Despite naysayers declaring the demise of school sport partnerships (SSPs) in anticipation of an imminent cut in central government funding, one of the country's less celebrated sporting centres has seen the partnerships go from strength to strength.

Across Berkshire, a county renowned more for its commerce and Windsor Castle, the area's eight partnerships have carried on or been reborn under a different guise since education secretary Michael Gove announced in December 2010 his intention to withdraw their £162m funding.

While Grove relented amid huge public outcry, the comparatively small £112m pot he found to maintain SSPs ceases in July. The impact nationally has been catastrophic, the Youth Sport Trust claiming half the partnerships have perished in the wake of this reduced revenue stream.

Yet Berkshire has resoundingly bucked the trend through a combination of commercial savvy and bona fide belief in the power of sport for school children, typified by the Sky Sports Living for Sport award recently bestowed on Wexham School, a specialist sports college in Slough.

Wexham School is the bedrock of the Slough School Sport Network, born in September 2011 after funding for the Slough and Wexham School Sport Partnership was cut. Besides lamenting the looming cut in teacher release funding, which allows a specialist secondary school PE teacher to spend time in primary schools one day per week, the network's manager Laura Brookstein has actually found upsides to less central government bureaucracy.

"It's allowed us to meet the needs of our schools. Where we might have had programmes that were given to us to deliver, they didn't always meet the needs of Slough's young people. Now we very much work towards what headteachers want for their young people," she said

"There was always going to be the negative feeling when they cut the partnership funding but it has allowed some flexibility to meet the needs of our local schools."

Someone a little less enamoured with government policy is Emma Fitzgerald, the partnership development manager at nearby Ascot & Maidenhead School Sport Partnership (AMSSP), who describes the initial decision to axe SSP funding as a "bolt from the blue". As recompense, Gove recently announced a £150m joint venture between the Department of Health and the Department for Education for sport in primary schools, the first flagship announcement of substance post-Olympics by a government that spent all summer insistent upon inspiring a generation.

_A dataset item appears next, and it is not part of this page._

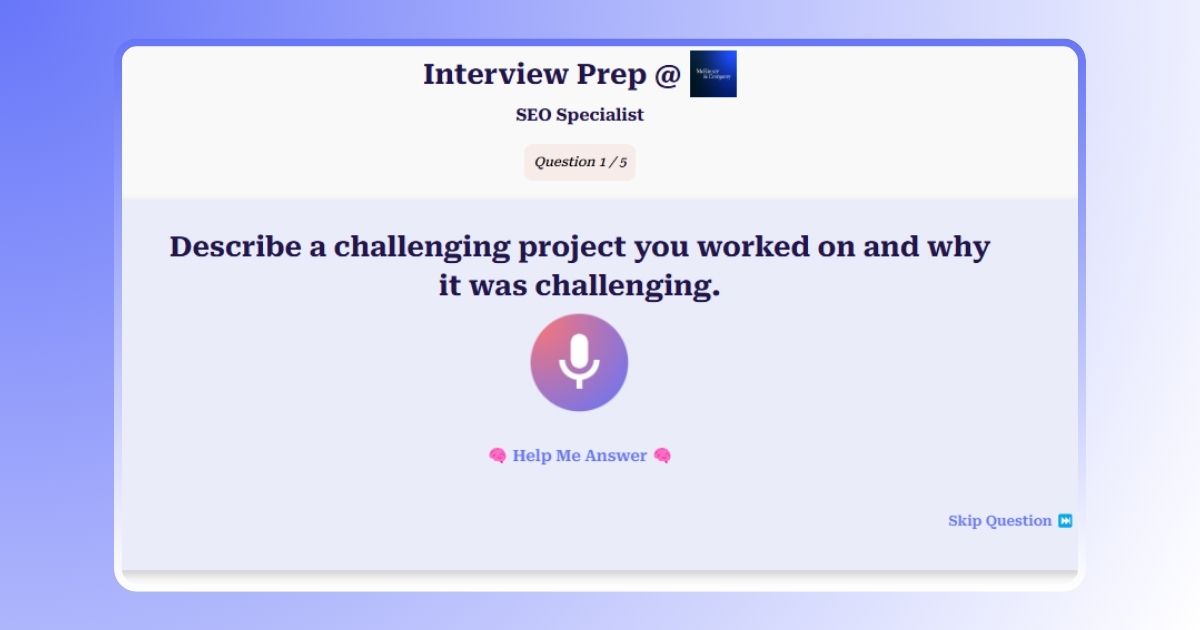 Interview Preparation Feature | Practice the 5 questions provided to you, and the AI will help you with answering and providing feedback for the answers you answered. | Best free interview simulator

Fitzgerald said: "It's been extremely challenging since the funding was cut as we've had to move into a more commercial service, and the latest announcement has been a long time coming. For whatever reasons there's been a delay, and I can't help feeling they missed the boat in building off the back of the legacy, but this is big money."

Exchequer funding to SSPs is an option by no means out of the race: £22m has been pledged by the Department of Health and Sport England to fund 450 school games organisers - who help deliver national competition the School Games - until 2015, while SSPs can collaborate with County Sport Partnerships in delivering well-backed schemes such as Sport England's Sportivate, a £32m lottery programme that delivers courses in a range of sports to those aged 14-25, and the £7.5m Club Link Makers initiative, where clubs can create satellite facilities at particularly well-equipped schools.

Yet moving beyond solely government backing is imperative. AMSSP now runs as a buy-in service where the partnership's 37 schools pay a fee to be included, which 100% of schools once in the partnership for free chose to do, while its recent Primary Dance Festival for 700 children had half its running costs paid for by a local surveying firm.

"The biggest thing is our ability to hunt down and seek out external funding," said Fitzgerald.

"That's what we're so good at here in Berkshire. It might not be large amounts, but it all adds up. We have got some extremely good contacts, and it's all about pressuring and convincing them to support us."

Brookstein also insisted she had received "terrific support" from businesses and local sports clubs, but said that teachers' efforts were also extremely important.

"The headteachers in Slough value physical literacy. I think it's very different in every area, but I don't think it's a coincidence that across Berkshire we have eight school sport partnerships who are still here. It comes down to the team you have on the ground, the headteachers and the PE teachers. Fortunately, the ones here are very passionate about sport."